» Task prompt:
Without the pictures, retype exactly the lines from the top of the entries below through the line that contains "Solution de permanganate".

» Records for the task:
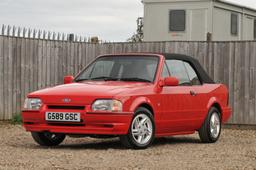 1989 Ford Escort XR3i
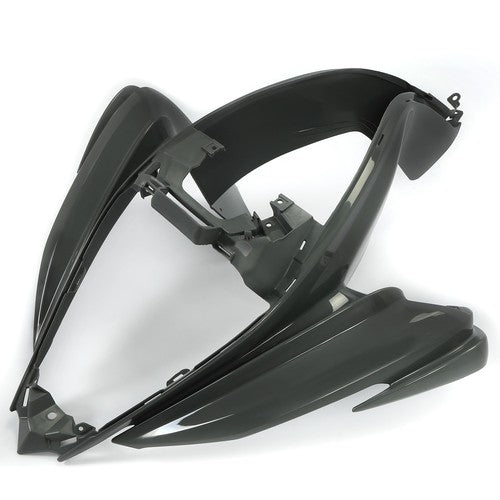 DURAFORCE For Yamaha Raptor 700 700R Plastics Bodywork Fenders COMPLETE Set 2006-2025 GRAY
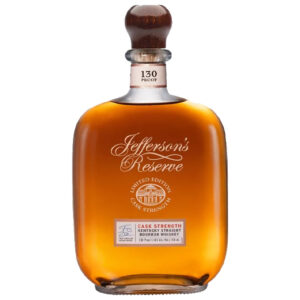 Jefferson's Reserve Kentucky Straight Bourbon Whiskey Cask Strength 130 Proof
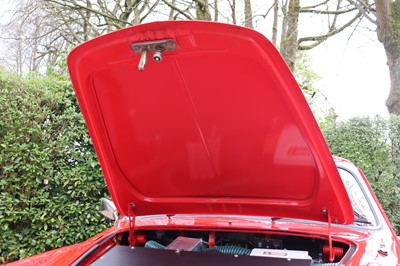 Lot 1969 Volkswagen Karmann Ghia Electric (EV Conversion)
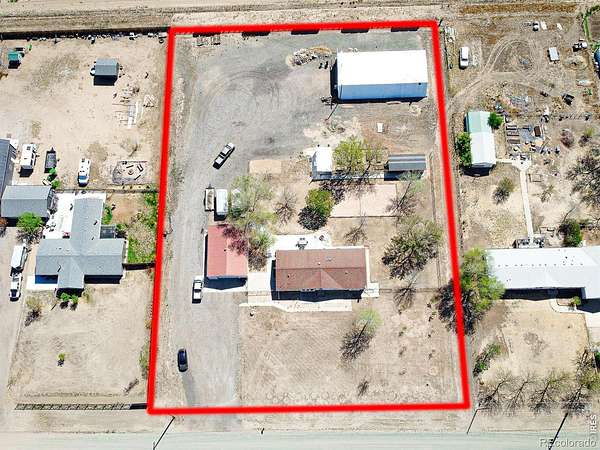 1.78 Acres of Land with Home for Sale in Pierce, Colorado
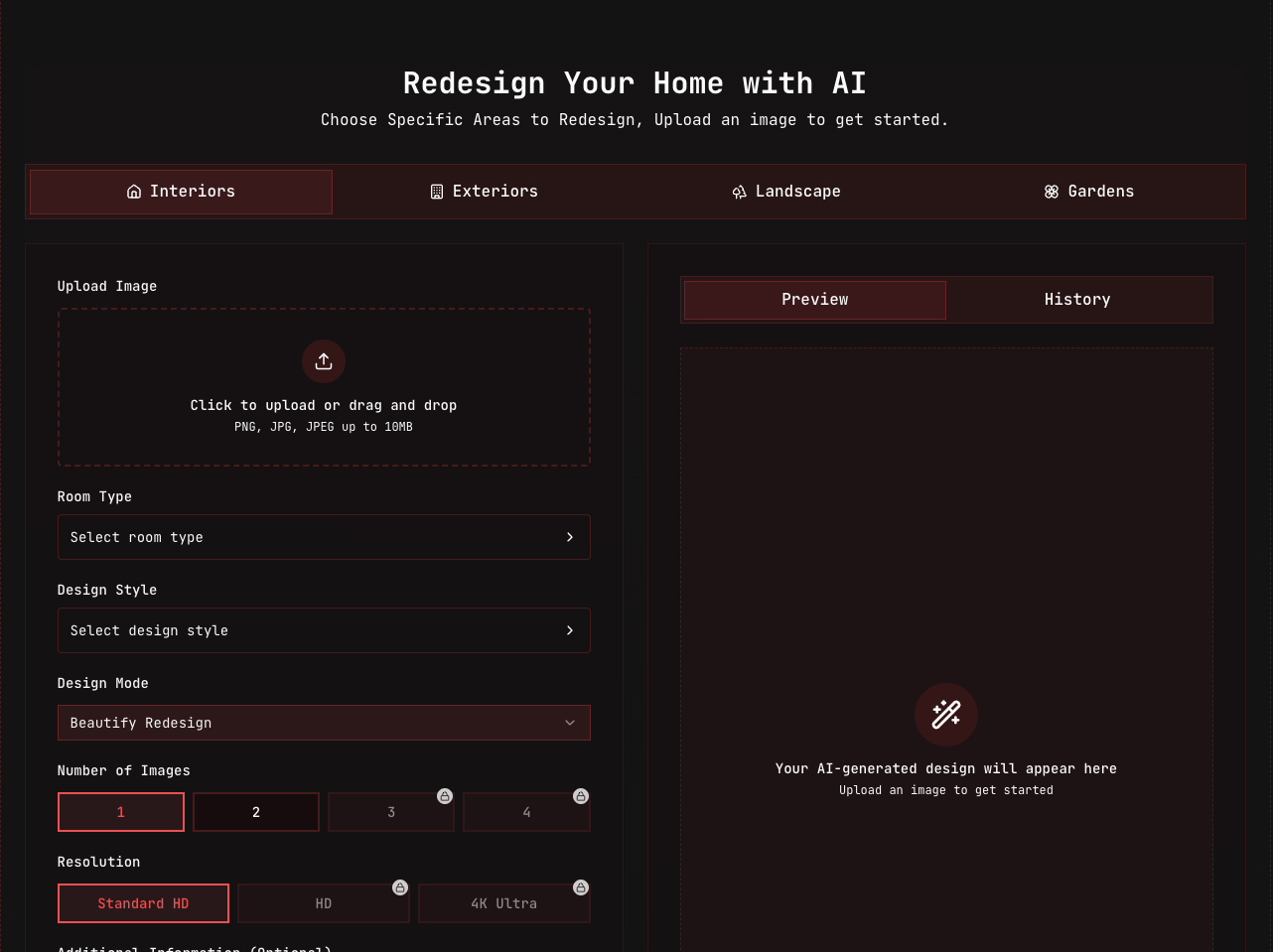 Home Design AI screenshot 2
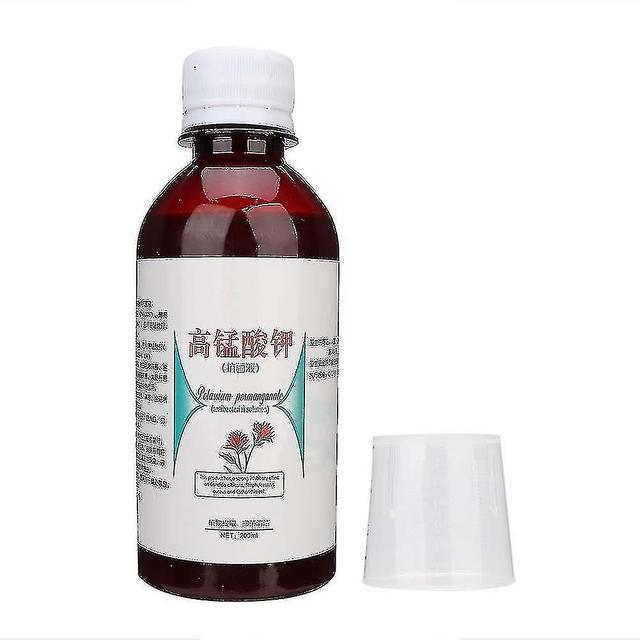 Solution de permanganate de potassium mâle femelle anti-bactéries parties privées soin liquide 200ml-- on Productcaster.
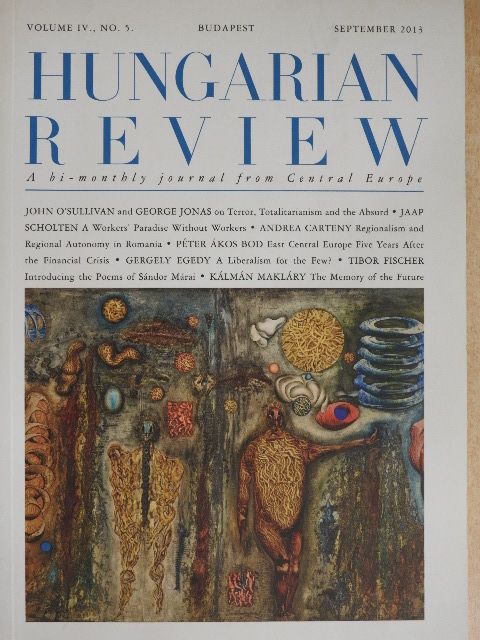 Andrea Carteny - Hungarian Review September 2013 [antikvár]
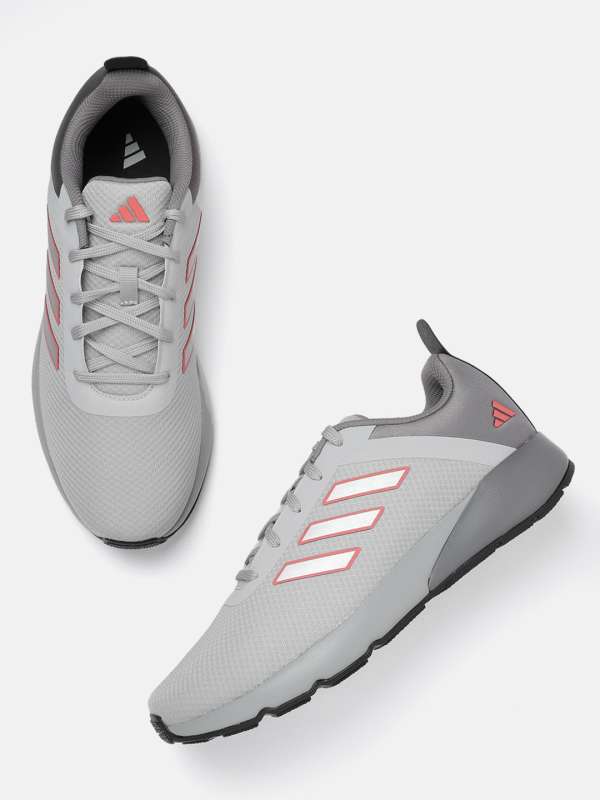 Adidas jerzo grey running shoes top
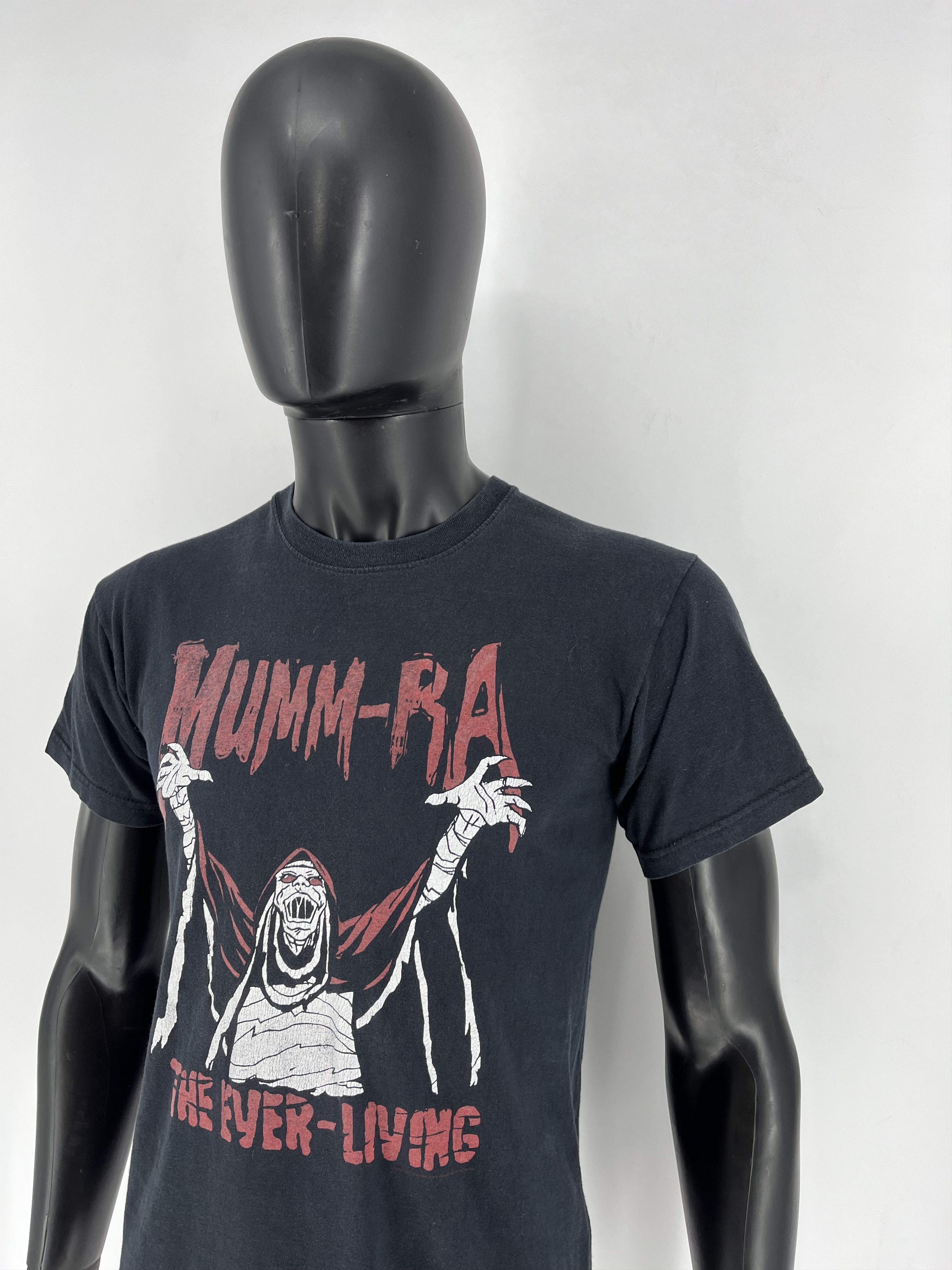 Band Tees × Vintage Vintage Y2K Mumm-Ra Oldskool Black Graphic Tee Size US S / EU 44-46 / 1 - 4 Thumbnail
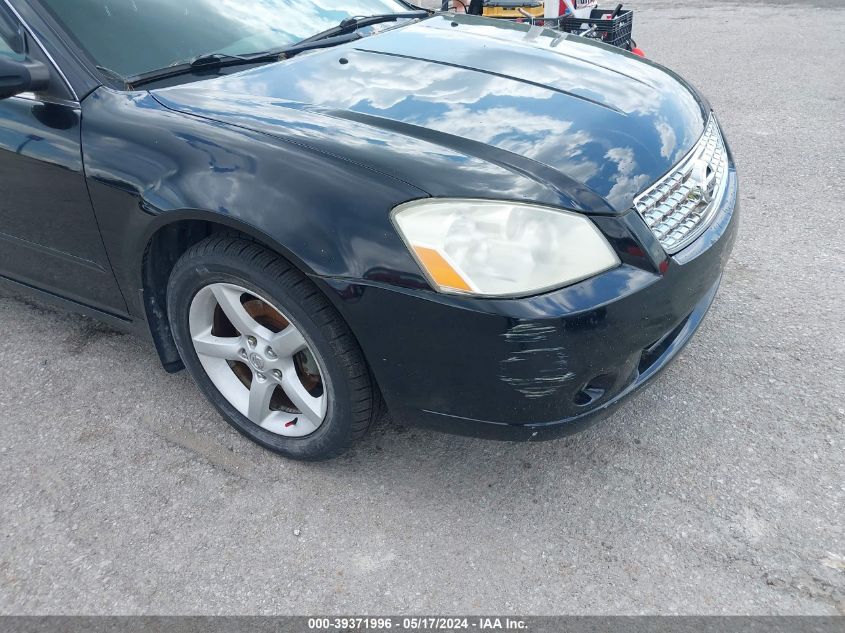 2006 Nissan Altima 3.5 Se VIN: 1N4BL11DX6C124264 Lot: 39371996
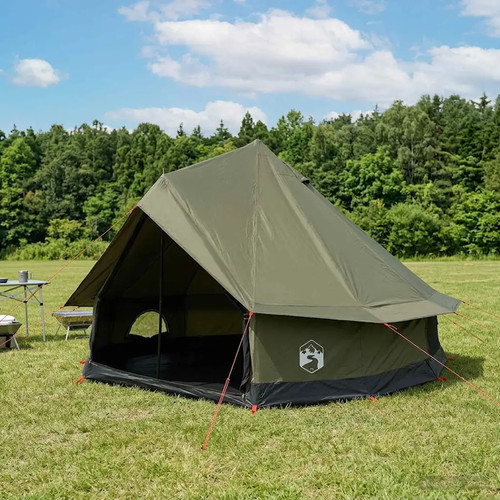 Family tent army green - family,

» Output of the task:
 1989 Ford Escort XR3i
 DURAFORCE For Yamaha Raptor 700 700R Plastics Bodywork Fenders COMPLETE Set 2006-2025 GRAY
 Jefferson's Reserve Kentucky Straight Bourbon Whiskey Cask Strength 130 Proof
 Lot 1969 Volkswagen Karmann Ghia Electric (EV Conversion)
 1.78 Acres of Land with Home for Sale in Pierce, Colorado
 Home Design AI screenshot 2
 Solution de permanganate de potassium mâle femelle anti-bactéries parties privées soin liquide 200ml-- on Productcaster.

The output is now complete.